→ **ACTIVITY**: When you retype the records that follow, keep each word as it is and drop any pictures.

RECORD EXCERPTS START

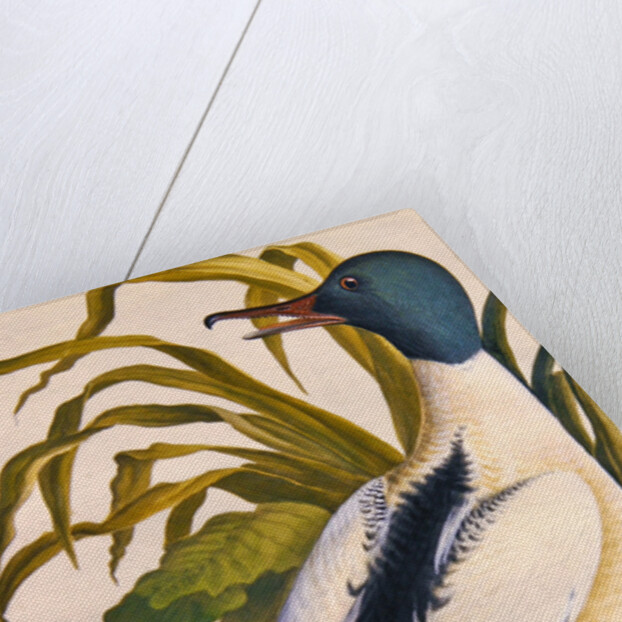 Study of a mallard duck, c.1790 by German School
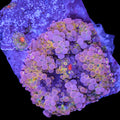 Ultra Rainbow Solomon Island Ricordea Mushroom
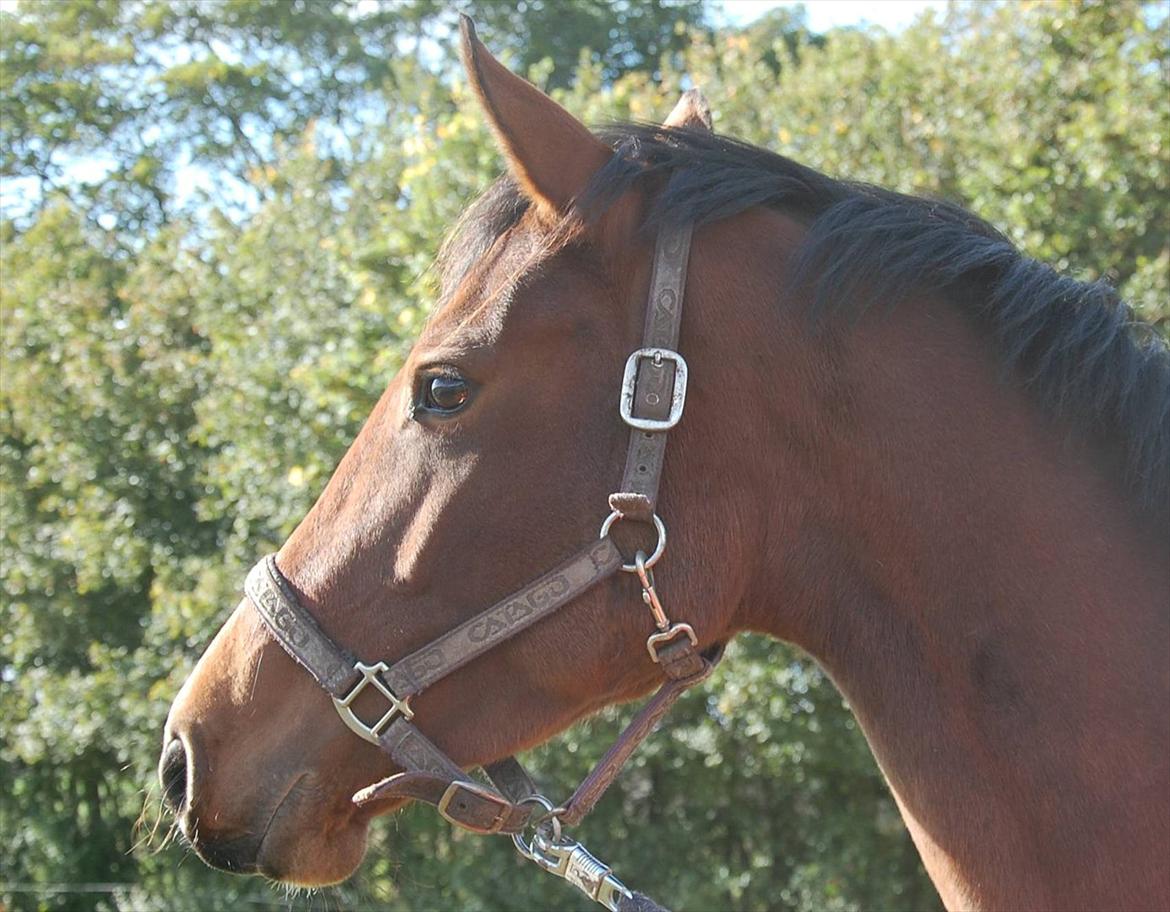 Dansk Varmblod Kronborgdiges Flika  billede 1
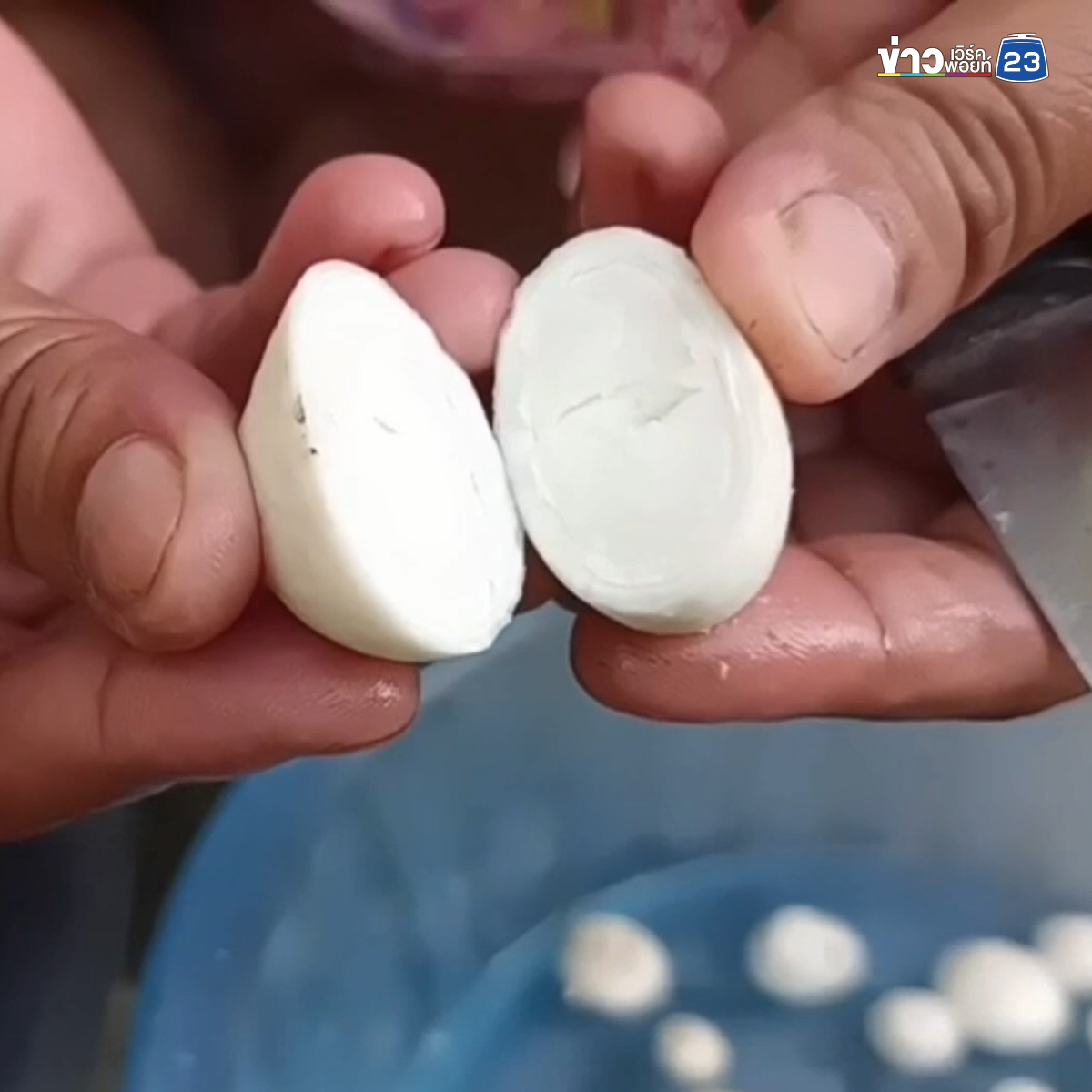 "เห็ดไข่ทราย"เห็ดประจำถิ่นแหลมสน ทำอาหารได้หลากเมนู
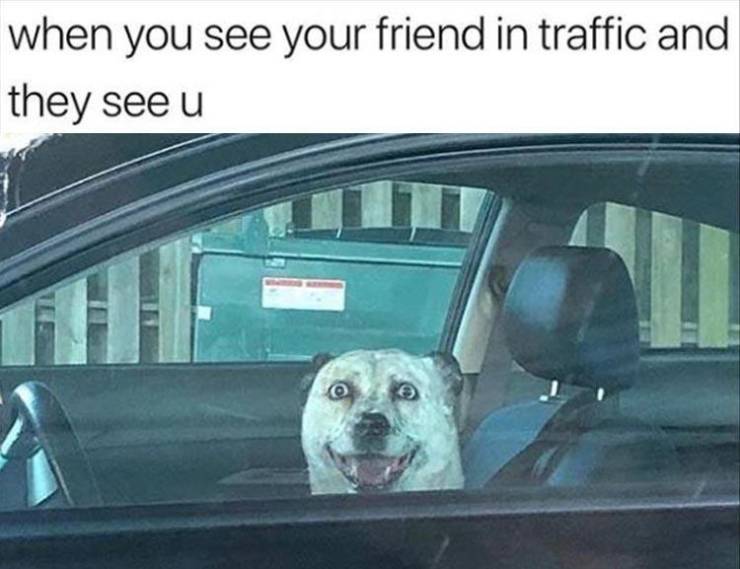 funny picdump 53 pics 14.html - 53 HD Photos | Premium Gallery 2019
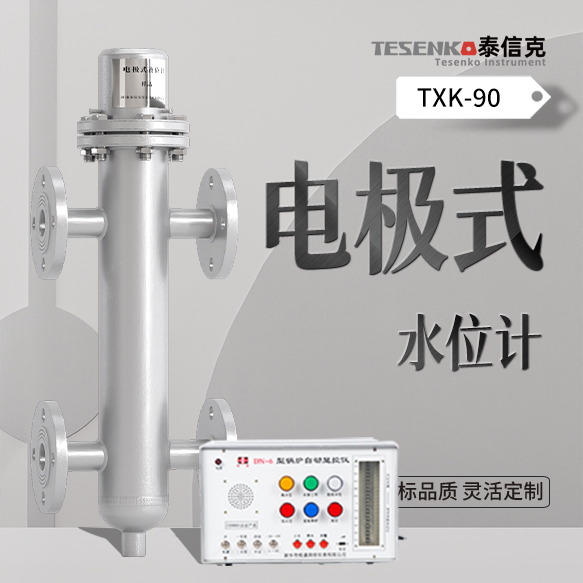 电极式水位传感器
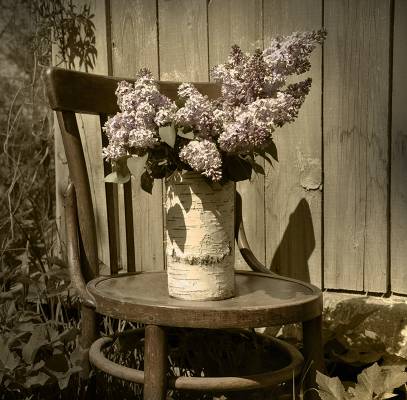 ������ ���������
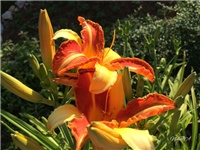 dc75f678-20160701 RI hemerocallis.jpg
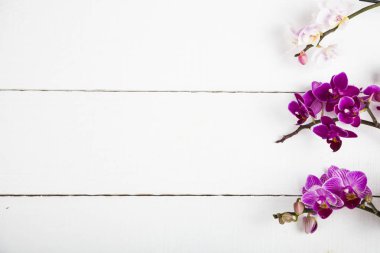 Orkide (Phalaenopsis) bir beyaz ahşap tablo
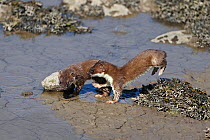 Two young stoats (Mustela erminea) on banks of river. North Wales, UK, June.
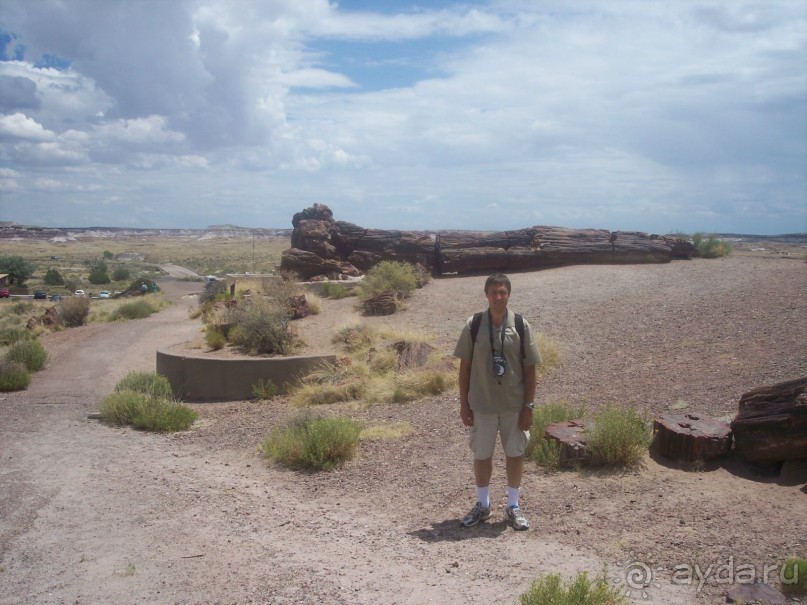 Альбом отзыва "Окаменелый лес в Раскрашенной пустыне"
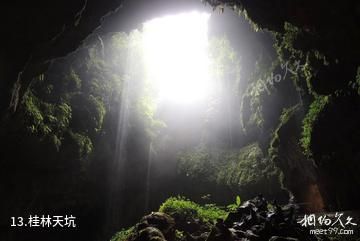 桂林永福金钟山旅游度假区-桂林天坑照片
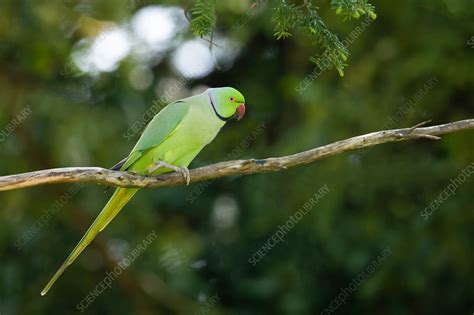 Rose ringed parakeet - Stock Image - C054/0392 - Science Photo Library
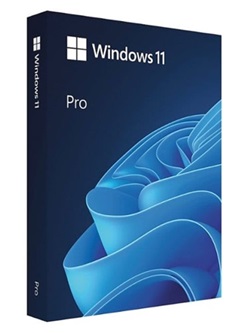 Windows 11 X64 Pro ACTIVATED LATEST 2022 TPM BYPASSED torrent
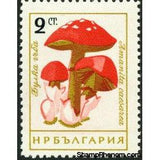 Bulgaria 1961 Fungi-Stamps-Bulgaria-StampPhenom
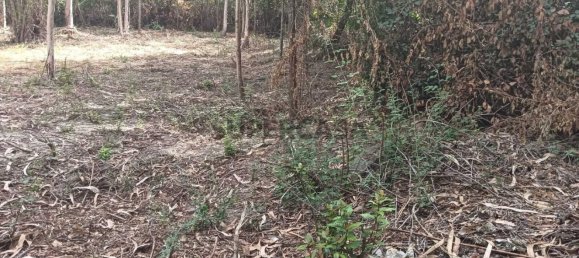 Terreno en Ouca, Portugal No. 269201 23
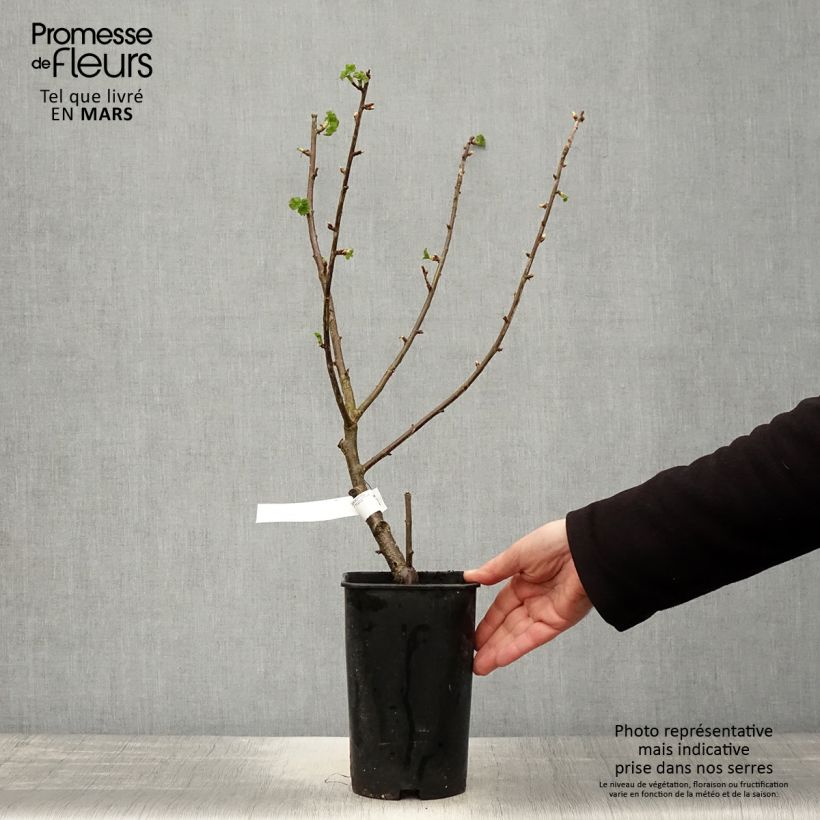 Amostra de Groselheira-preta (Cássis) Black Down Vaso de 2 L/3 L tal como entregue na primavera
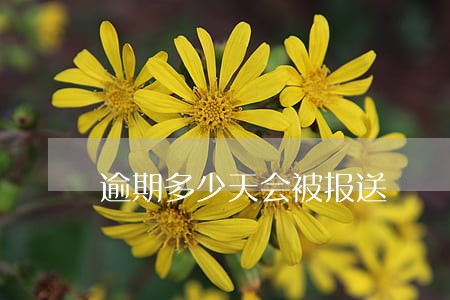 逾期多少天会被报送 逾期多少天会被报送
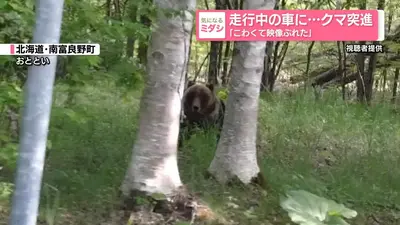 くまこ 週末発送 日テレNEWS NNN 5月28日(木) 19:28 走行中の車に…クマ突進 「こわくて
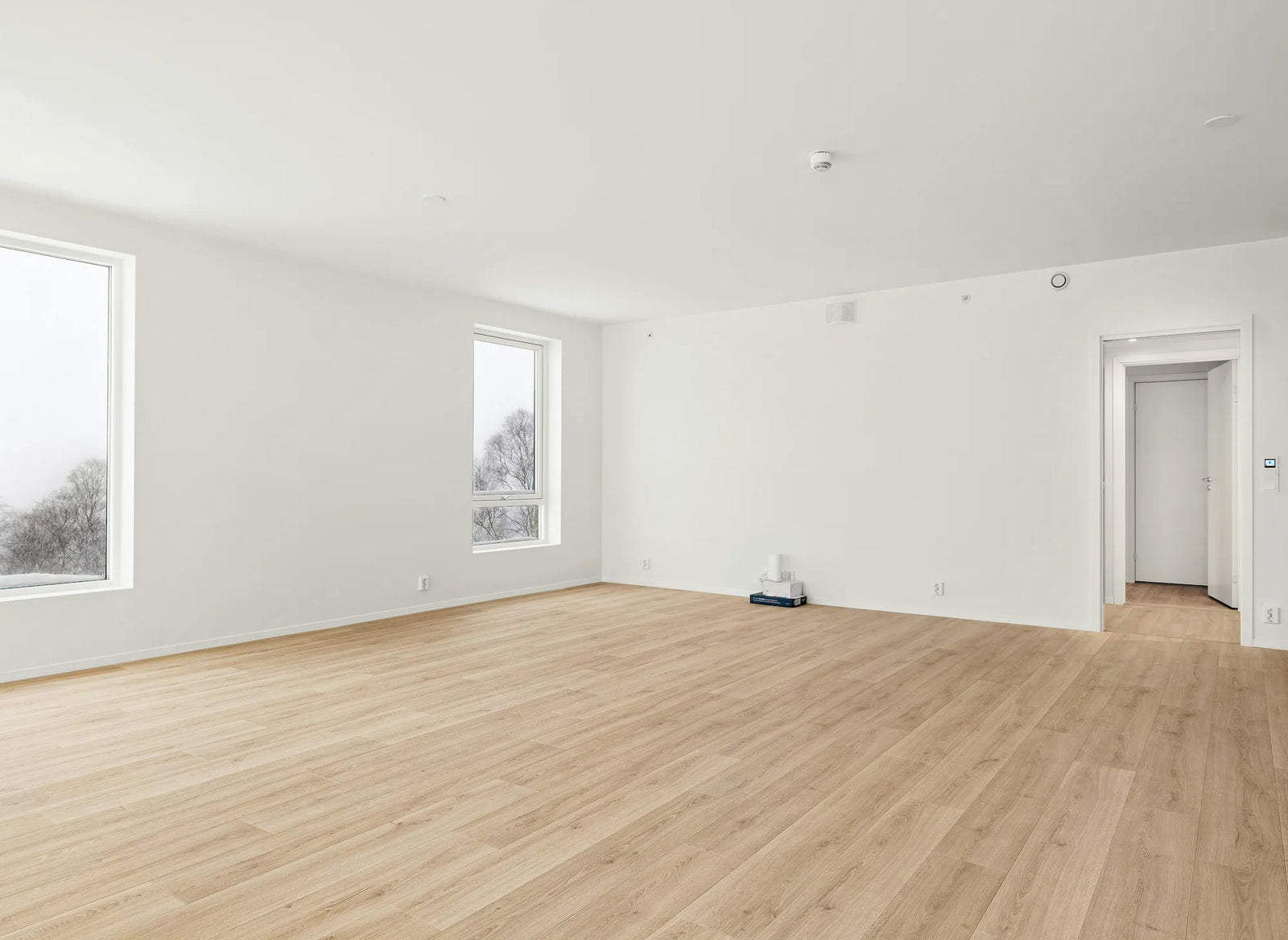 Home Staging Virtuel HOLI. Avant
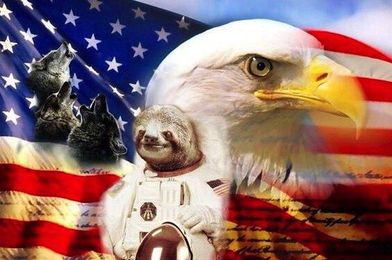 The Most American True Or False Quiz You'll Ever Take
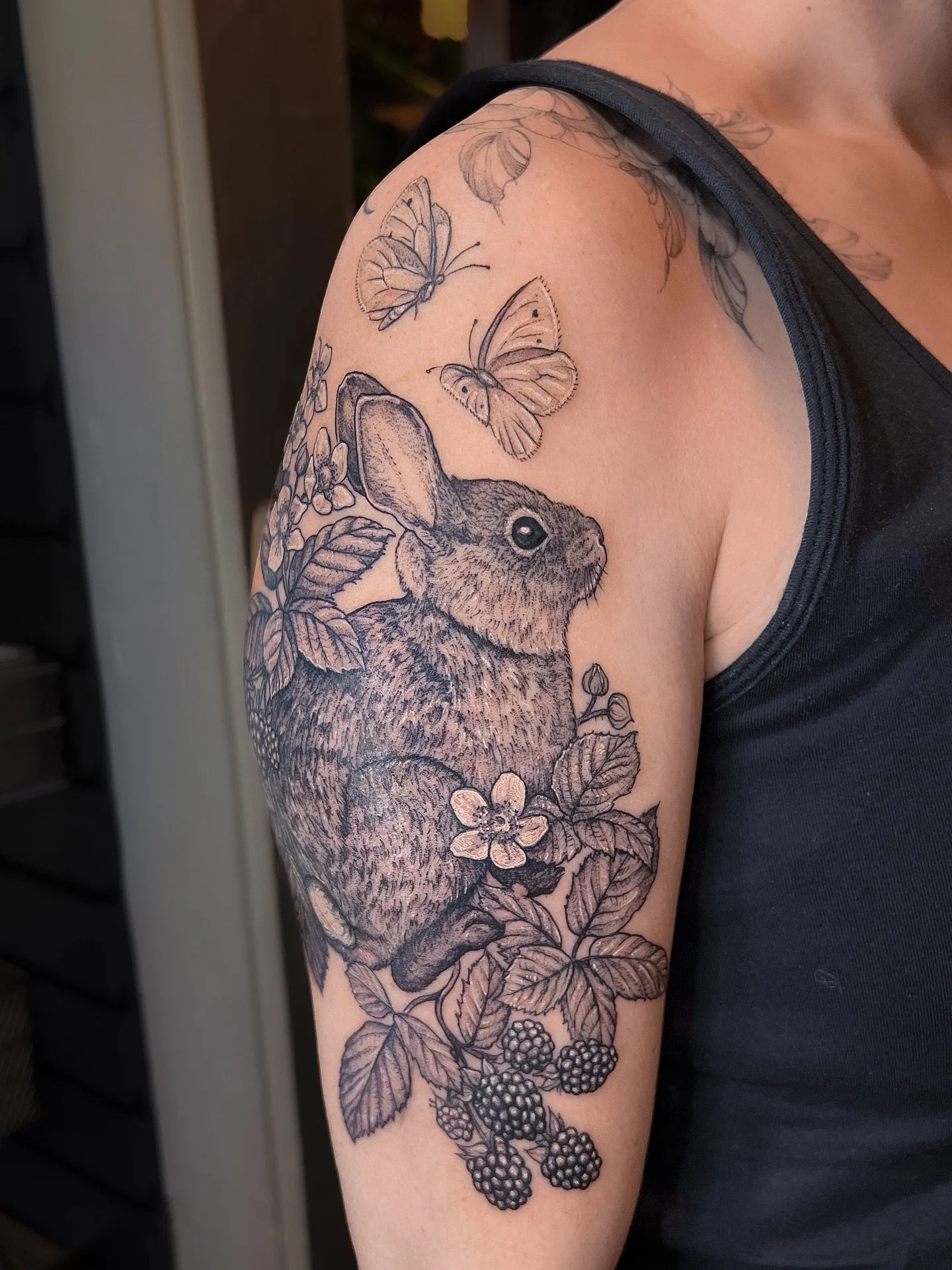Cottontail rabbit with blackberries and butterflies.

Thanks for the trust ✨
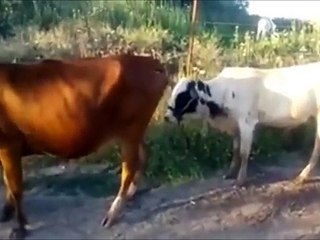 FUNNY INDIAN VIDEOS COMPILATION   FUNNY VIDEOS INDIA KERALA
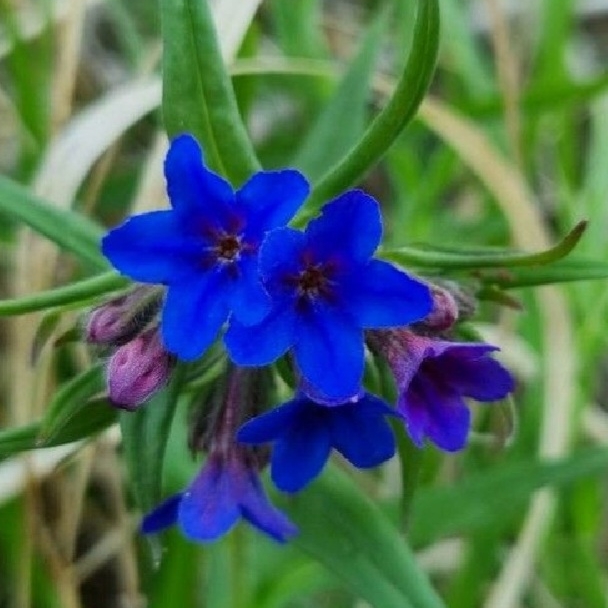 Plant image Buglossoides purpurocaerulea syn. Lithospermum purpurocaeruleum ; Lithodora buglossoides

RECORD EXCERPTS END

→ **SOLUTION FOR THIS PROBLEM**:
 Study of a mallard duck, c.1790 by German School
 Ultra Rainbow Solomon Island Ricordea Mushroom
 Dansk Varmblod Kronborgdiges Flika  billede 1
 "เห็ดไข่ทราย"เห็ดประจำถิ่นแหลมสน ทำอาหารได้หลากเมนู
 funny picdump 53 pics 14.html - 53 HD Photos | Premium Gallery 2019
 电极式水位传感器
 ������ ���������
 dc75f678-20160701 RI hemerocallis.jpg
 Orkide (Phalaenopsis) bir beyaz ahşap tablo
 Two young stoats (Mustela erminea) on banks of river. North Wales, UK, June.
 Альбом отзыва "Окаменелый лес в Раскрашенной пустыне"
 桂林永福金钟山旅游度假区-桂林天坑照片
 Rose ringed parakeet - Stock Image - C054/0392 - Science Photo Library
 Windows 11 X64 Pro ACTIVATED LATEST 2022 TPM BYPASSED torrent
 Bulgaria 1961 Fungi-Stamps-Bulgaria-StampPhenom
 Terreno en Ouca, Portugal No. 269201 23
 Amostra de Groselheira-preta (Cássis) Black Down Vaso de 2 L/3 L tal como entregue na primavera
 逾期多少天会被报送 逾期多少天会被报送
 くまこ 週末発送 日テレNEWS NNN 5月28日(木) 19:28 走行中の車に…クマ突進 「こわくて
 Home Staging Virtuel HOLI. Avant
 The Most American True Or False Quiz You'll Ever Take
Cottontail rabbit with blackberries and butterflies.

Thanks for the trust ✨
 FUNNY INDIAN VIDEOS COMPILATION   FUNNY VIDEOS INDIA KERALA
 Plant image Buglossoides purpurocaerulea syn. Lithospermum purpurocaeruleum ; Lithodora buglossoides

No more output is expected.